* **Problem description**
Write out the listing from the line with "Sabertooth Tiger Plush" to the line with "OKUMEYR 9Pcs Candy", both lines included, exactly and nothing beyond. Leave pictures out.

* **Records for processing**

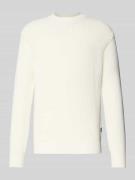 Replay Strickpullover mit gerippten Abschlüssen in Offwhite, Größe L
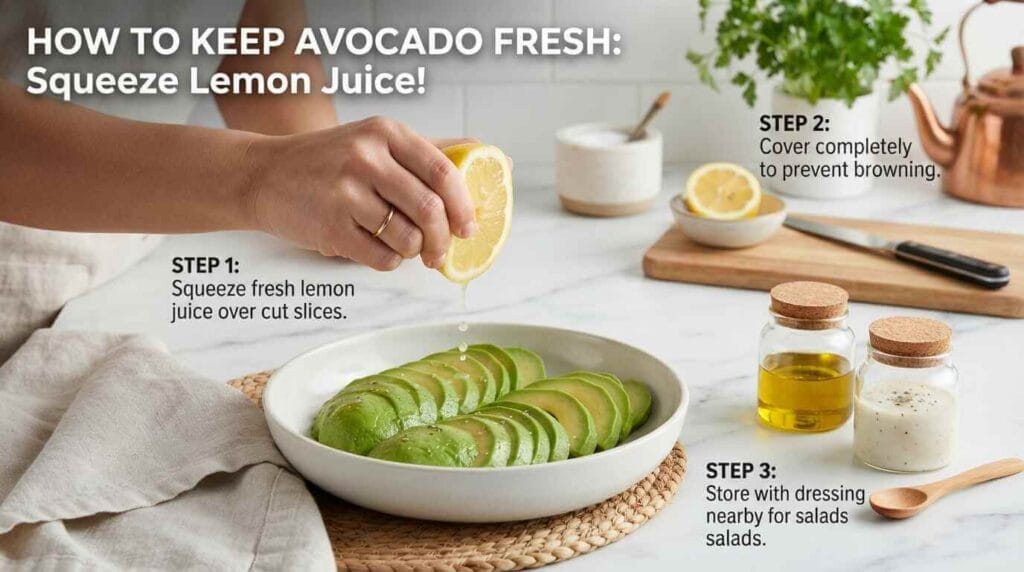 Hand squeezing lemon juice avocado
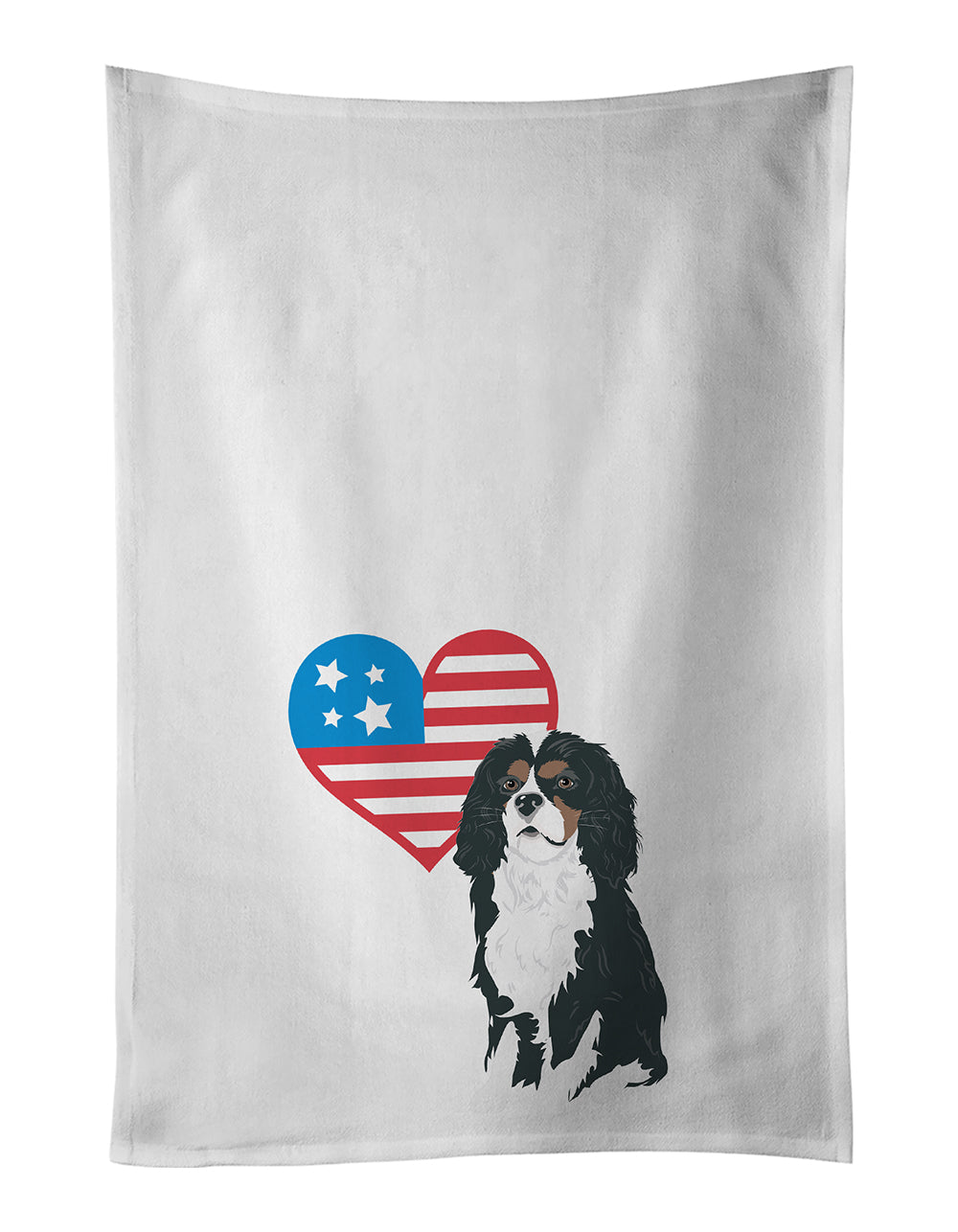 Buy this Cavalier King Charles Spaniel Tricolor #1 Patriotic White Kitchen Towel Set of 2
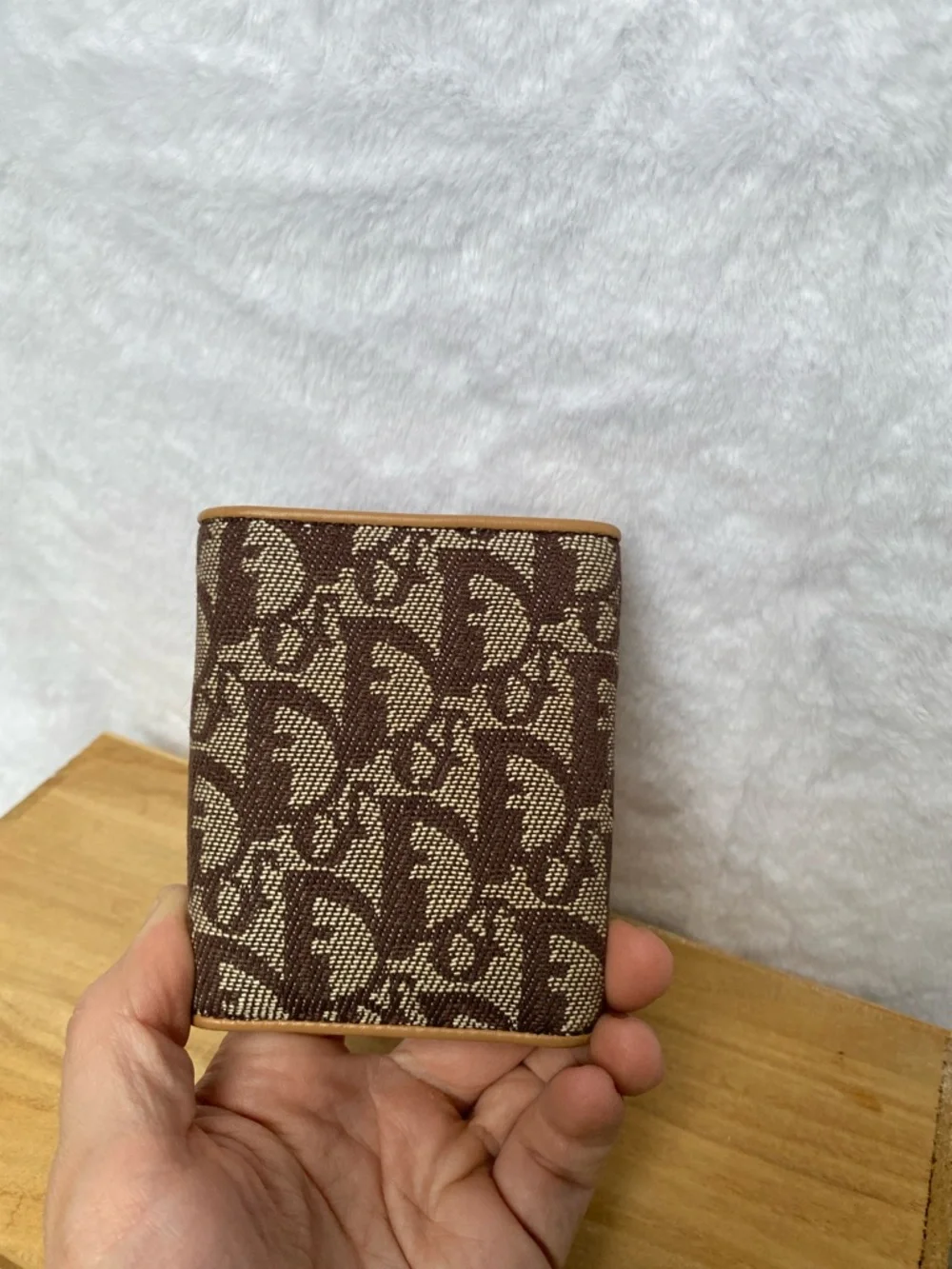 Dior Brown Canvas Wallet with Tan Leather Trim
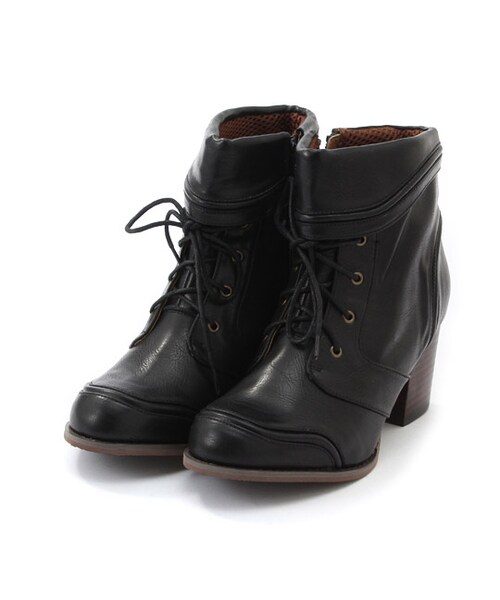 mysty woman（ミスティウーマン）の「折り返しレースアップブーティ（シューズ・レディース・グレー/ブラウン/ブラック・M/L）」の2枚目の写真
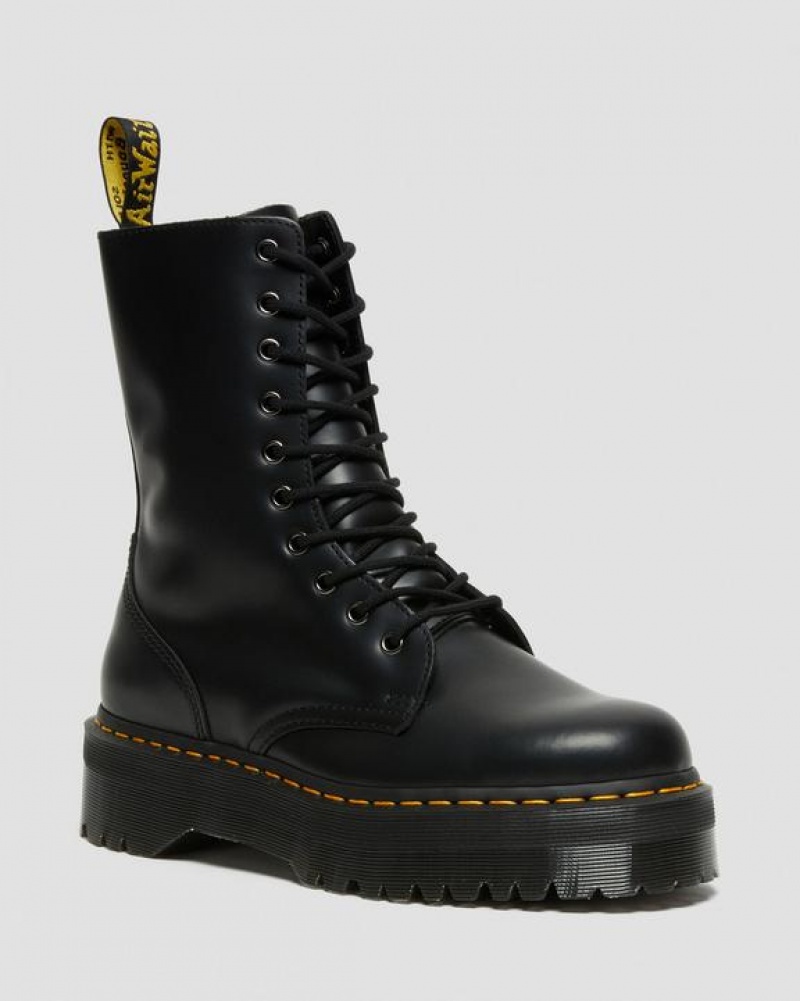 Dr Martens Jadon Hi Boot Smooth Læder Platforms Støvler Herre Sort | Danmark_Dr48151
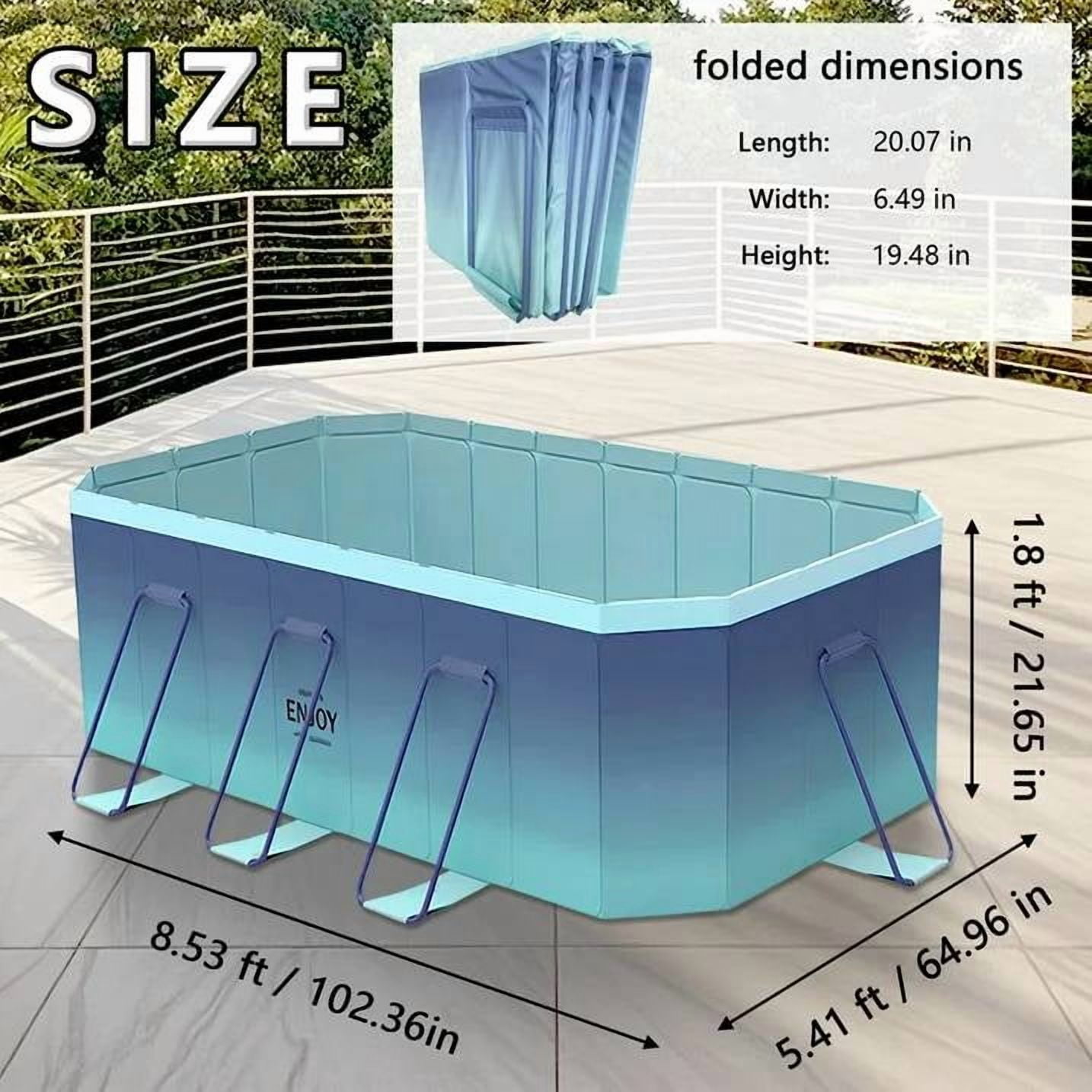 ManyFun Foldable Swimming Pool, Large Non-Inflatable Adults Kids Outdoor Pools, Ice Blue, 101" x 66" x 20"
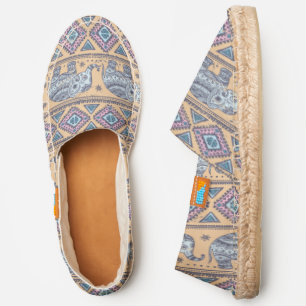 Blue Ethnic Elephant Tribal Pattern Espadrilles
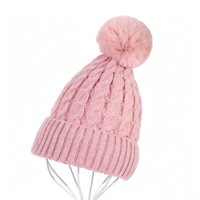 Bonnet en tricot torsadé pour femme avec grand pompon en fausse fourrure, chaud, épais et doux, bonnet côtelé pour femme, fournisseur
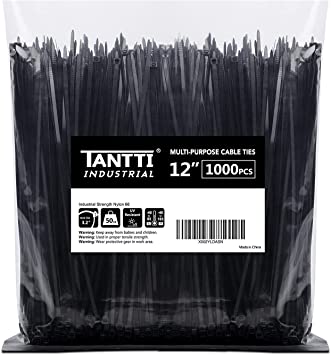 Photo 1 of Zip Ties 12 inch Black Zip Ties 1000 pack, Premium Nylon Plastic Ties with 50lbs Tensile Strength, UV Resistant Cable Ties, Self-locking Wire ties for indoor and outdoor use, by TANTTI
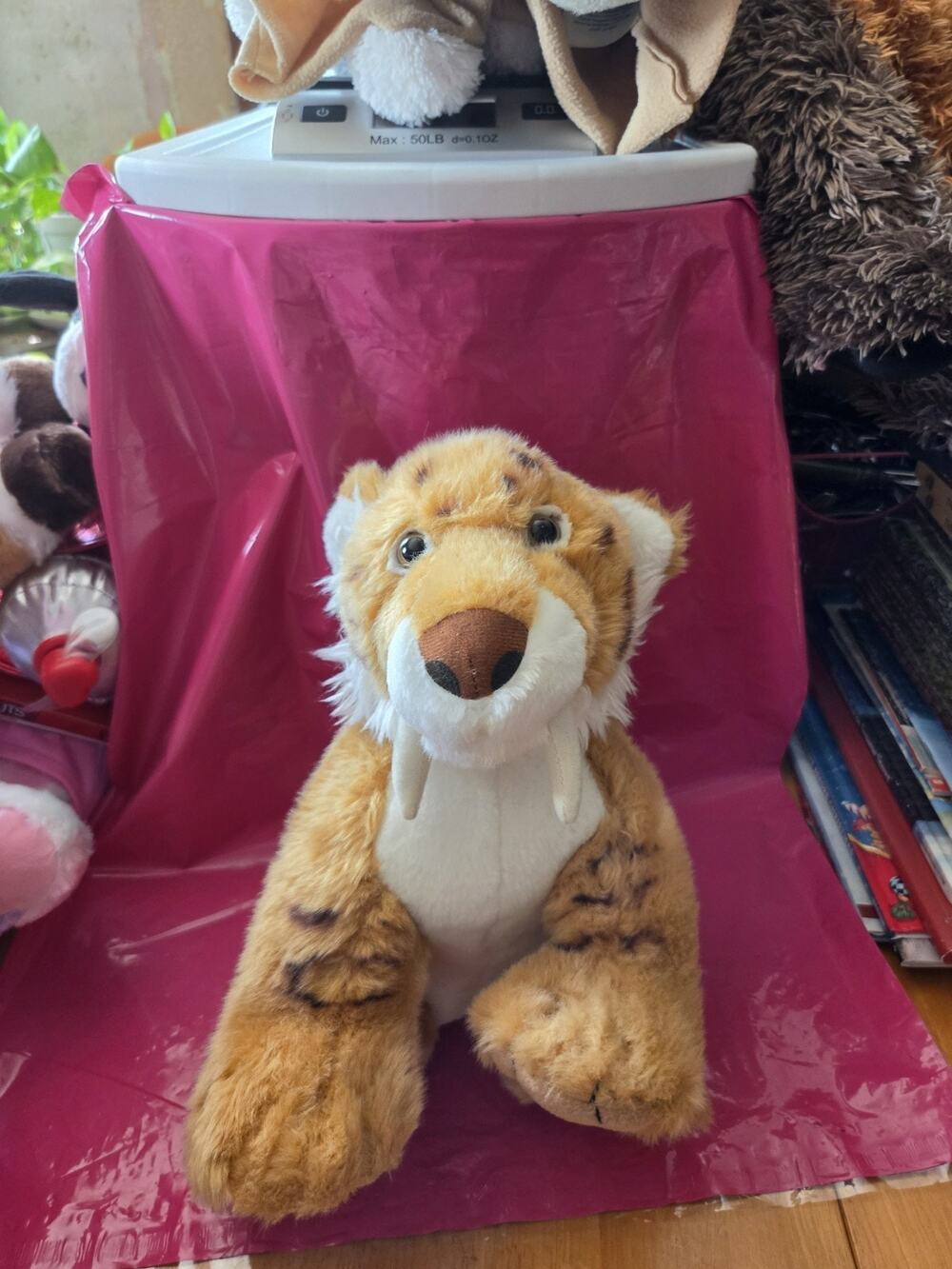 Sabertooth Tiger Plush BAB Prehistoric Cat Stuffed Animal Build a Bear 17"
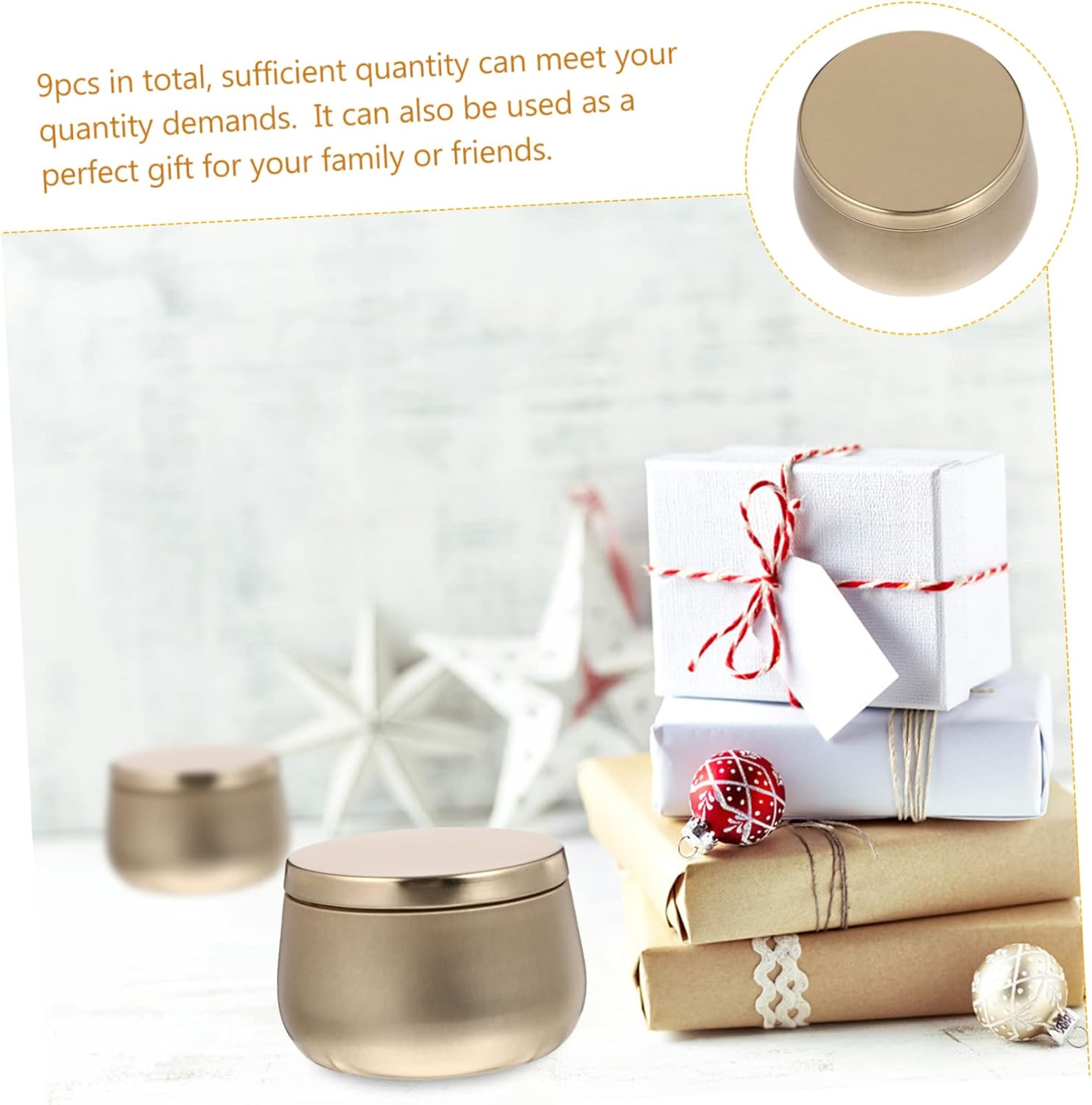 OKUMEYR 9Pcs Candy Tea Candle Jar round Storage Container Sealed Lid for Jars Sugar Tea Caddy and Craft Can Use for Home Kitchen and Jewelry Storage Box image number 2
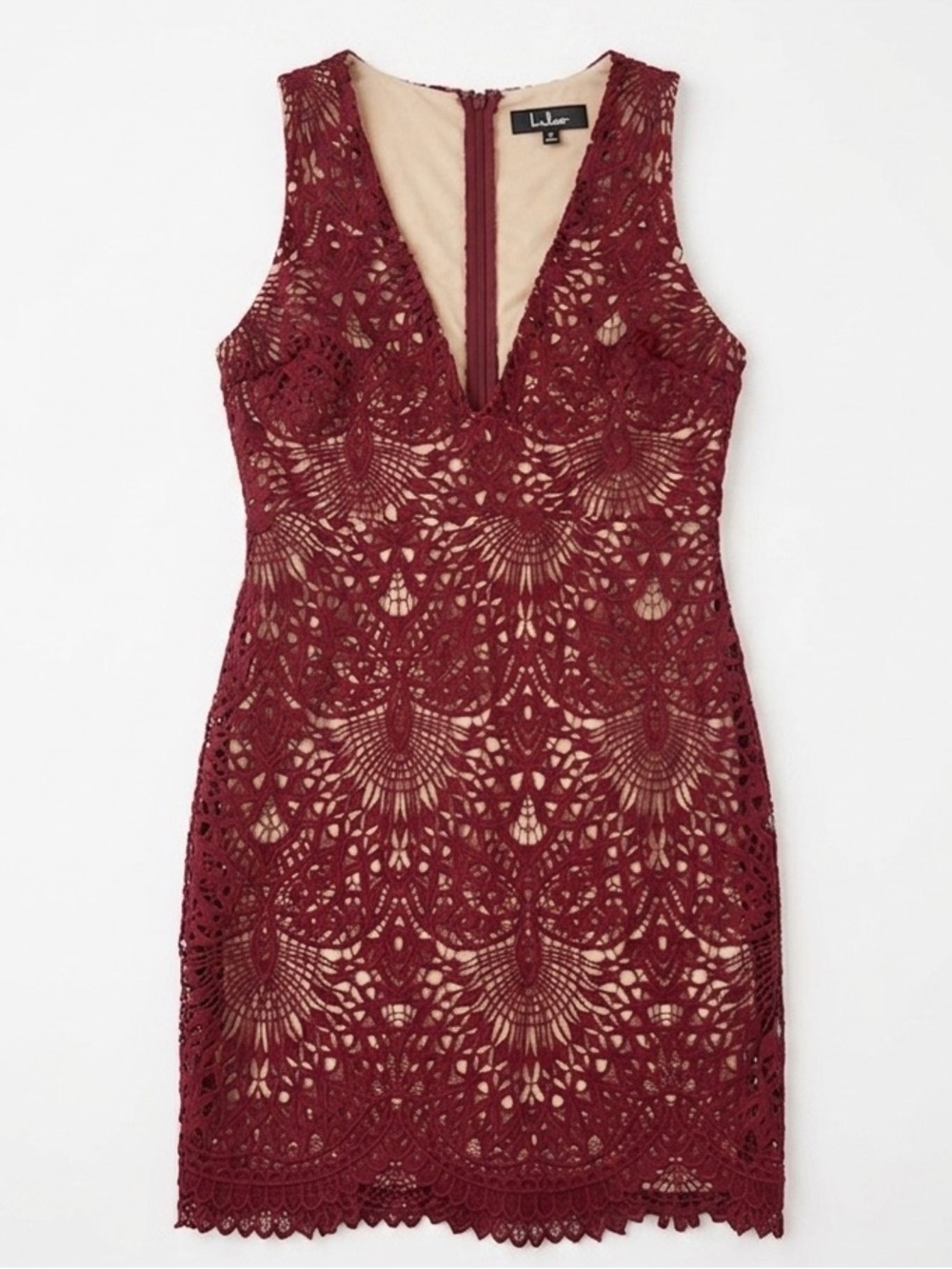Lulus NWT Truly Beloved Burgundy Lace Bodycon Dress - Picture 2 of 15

* **Result for this exercise**
 Sabertooth Tiger Plush BAB Prehistoric Cat Stuffed Animal Build a Bear 17"
 OKUMEYR 9Pcs Candy Tea Candle Jar round Storage Container Sealed Lid for Jars Sugar Tea Caddy and Craft Can Use for Home Kitchen and Jewelry Storage Box image number 2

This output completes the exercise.